CHRIS WINDOWS (1919-1987)
CHRISTOPHER Windows was born in Southampton and grew up in Wimbledon.
He joined the Gaumont British film studios in 1935 at Lime Grove as an apprentice and later joined Gainsborough Studios.
He served in the Second World War in the Army Film and Photographic Unit spending most of it in North Africa.
He served first as a sergeant, then as an officer.
Some of the footage he shot there was seen in the documentary Desert Victory.
He filmed many famous people including King George of the Hellenes, Roosevelt, Churchill, Montgomery, Alexander and Chiang Kai Chek but not Hitler and Chamberlain.
Afterwards he joined Denis Kendall at the Grantham Guardian newspaper, launched in 1946, on London Road.

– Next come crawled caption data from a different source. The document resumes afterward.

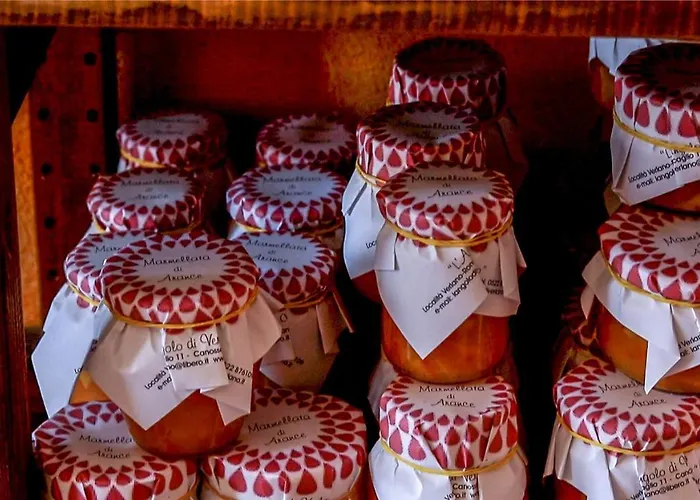 韦拉诺角旅馆 Canossa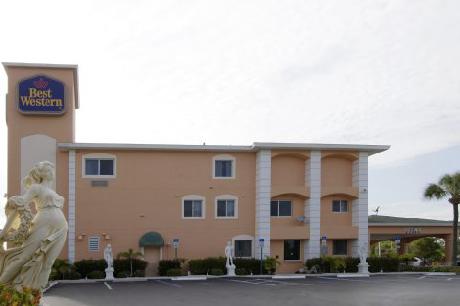 BEST WESTERN Bonita Springs Hotel & Suites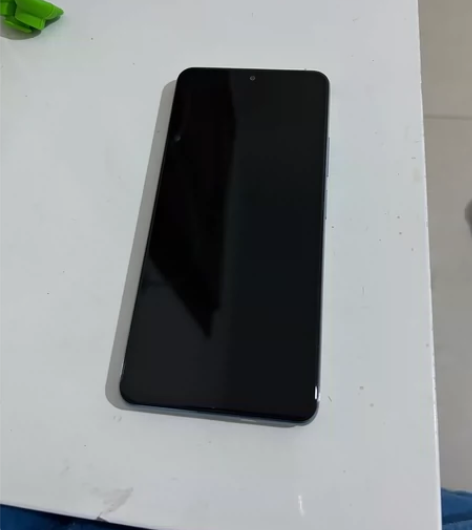 红米k40  6+128 95新 外壳轻微...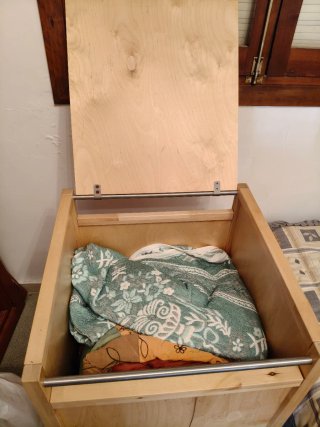 Baúl de Almacenaje con Ruedas
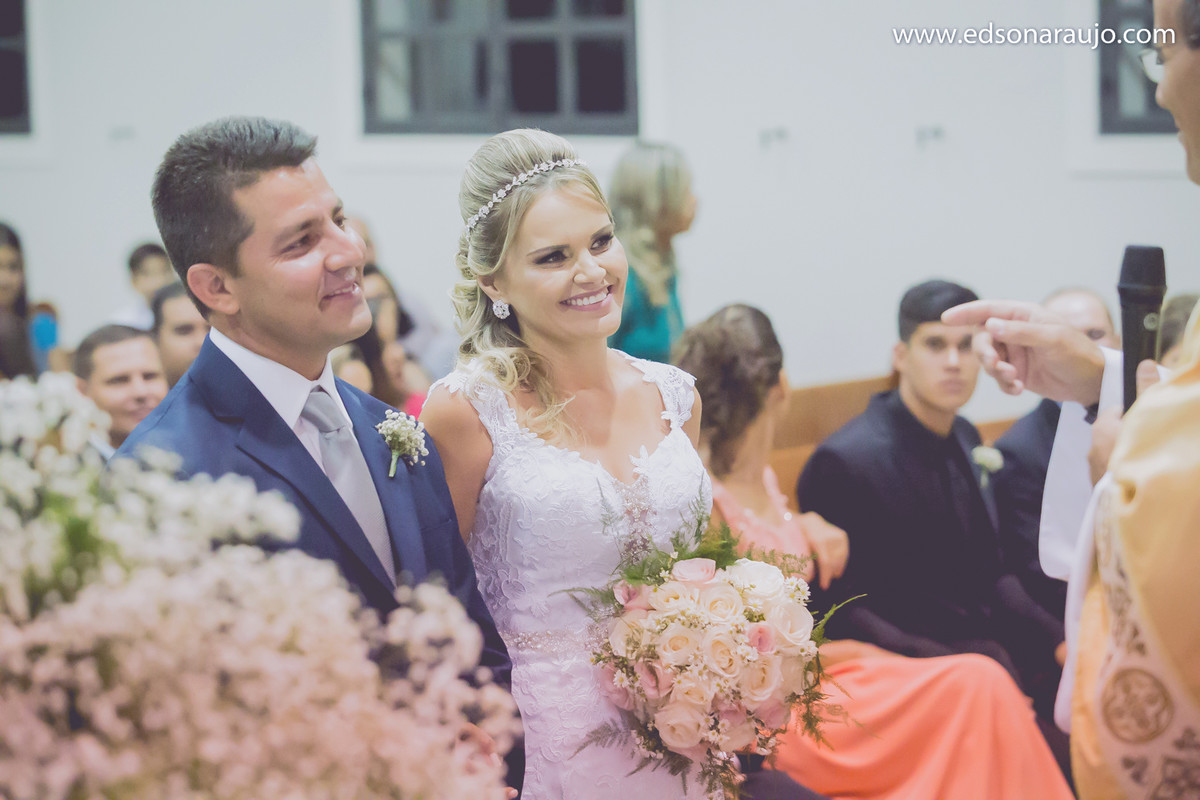 Edson Araujo Fotografias, Casando em João PInheiro - MG, Casamentos em João Pinheiro, Cassia e Luiz Fernando, Igreja São José em João Pinheiro, Fotógrafo de casamentos em João Pinheiro, Igreja linda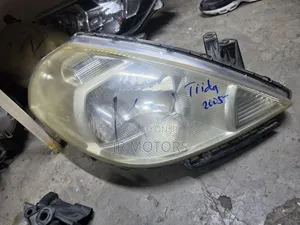 Nissan Tiida 2005-2007 Headlights (Non-Xenon)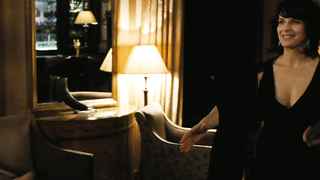 Juliette Binoche nuda, Kristen Stewart sexy, scena di - Clouds of Sils Maria (2014)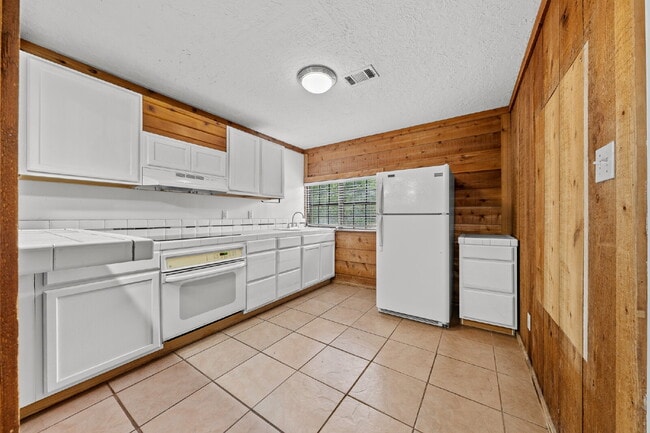 Foto del edificio - 301 Tatum Rd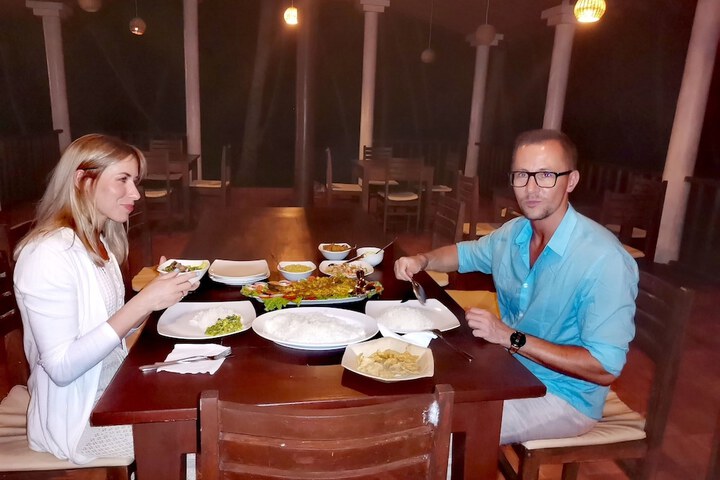 Dining 84 of 130
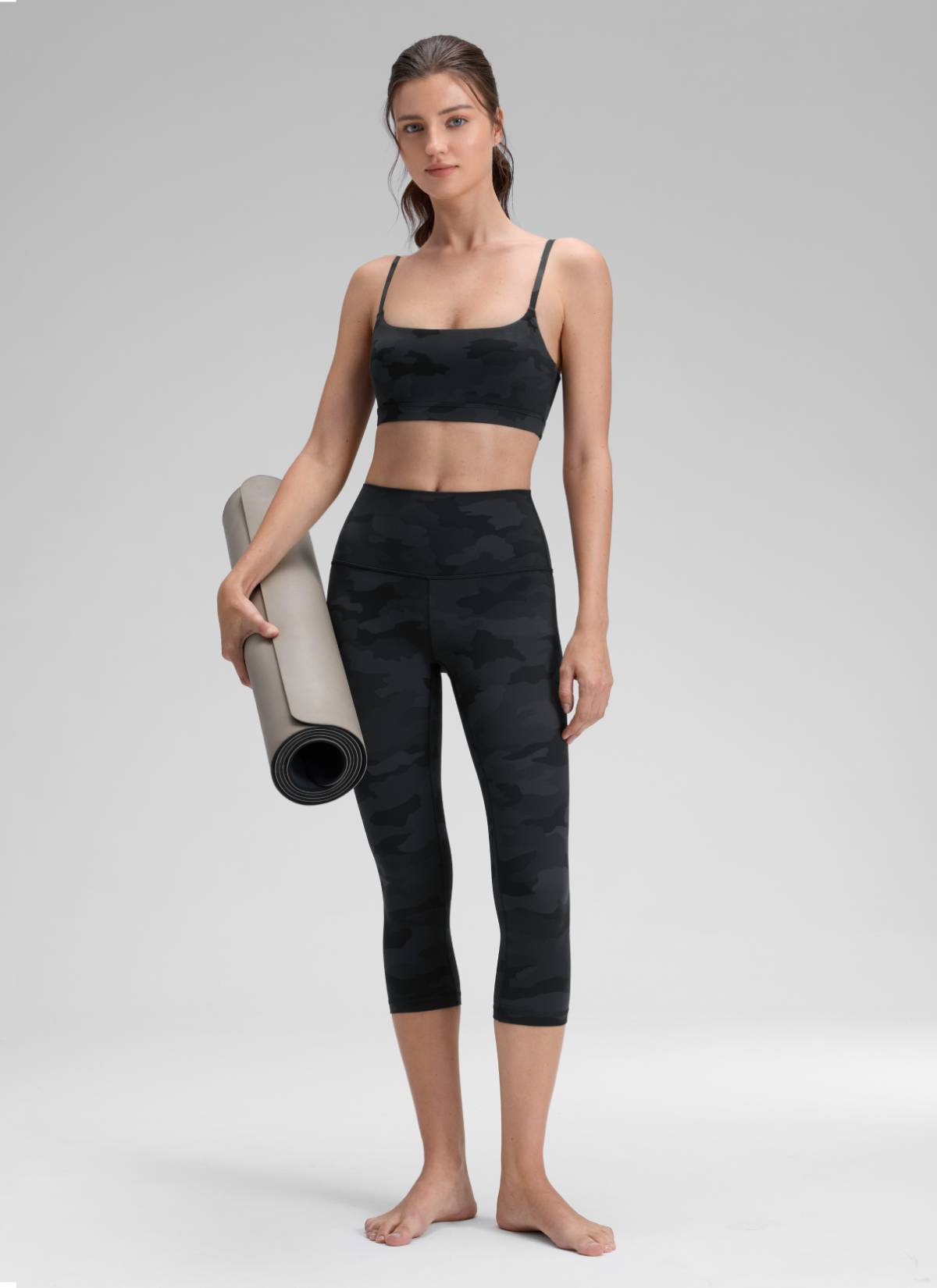 CRZ YOGA Women's Yoga Lounge High Rise Butterluxe Yoga Leggings 19'' Dark Grey Camouflage 2 @model_info:Kerr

When that closed he set up as a freelance photographer with studios at 74 High Street, moving to Vine Street in 1950 and finally to Castlegate in 1979 where he continued his profession as a photographer and film maker.

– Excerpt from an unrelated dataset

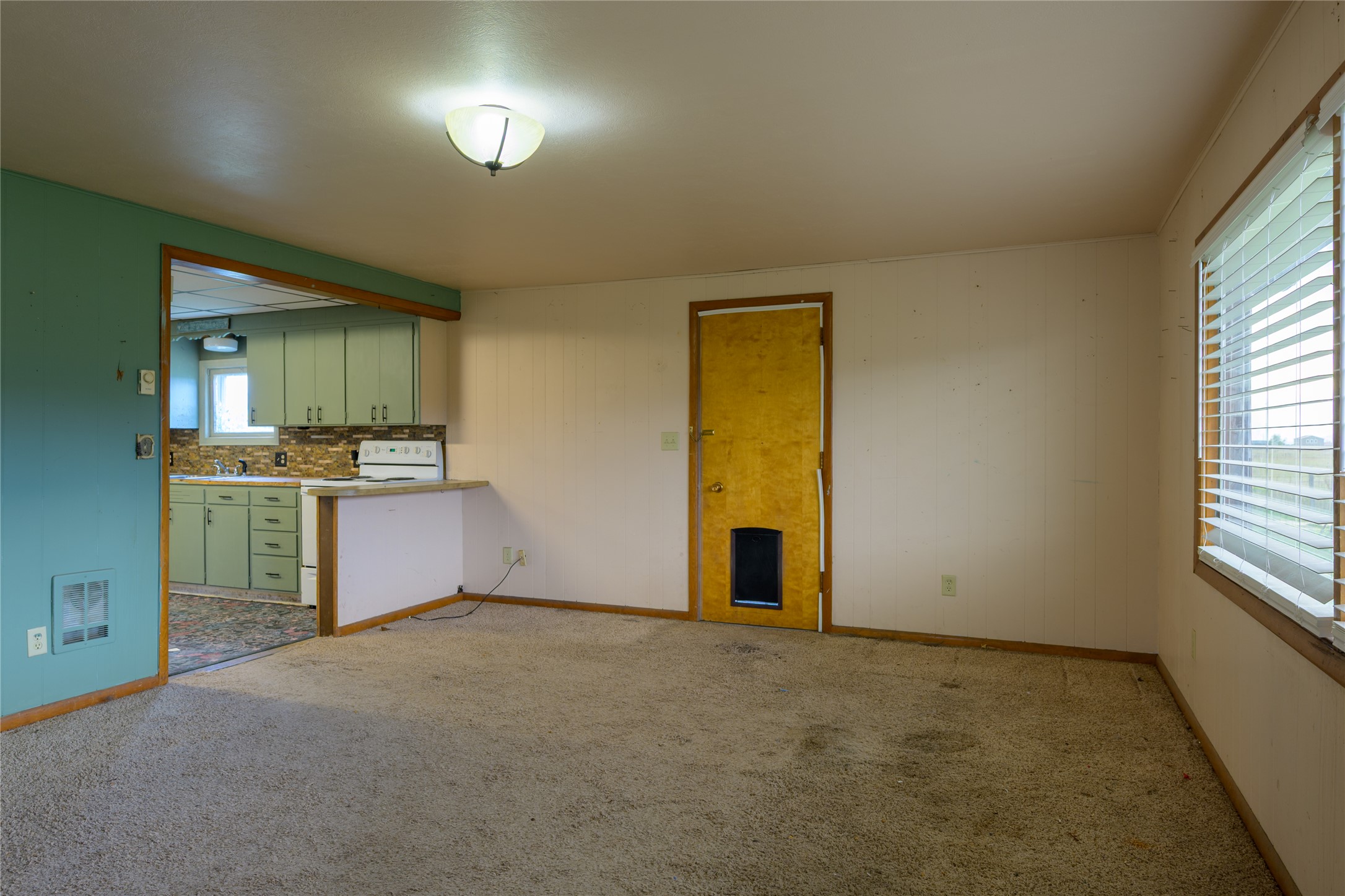 900 Phillips Street Property Photo 16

In 1948 he covered the visit of King George V, the Queen and Princess Margaret at Cranwell and in 1963 the visit of the Queen Mother to mark the town’s quincentenary celebrations.
Some of the DVD Grantham Looks Back is his work and many of the old photos in the “Bygone Grantham” series are from the 1/4 million negatives he accumulated in his 50 years of work.
His wife, Rita Windows, was a lecturer at Grantham College.
He was found dead in his car near his home in Rectory Lane, Barrowby.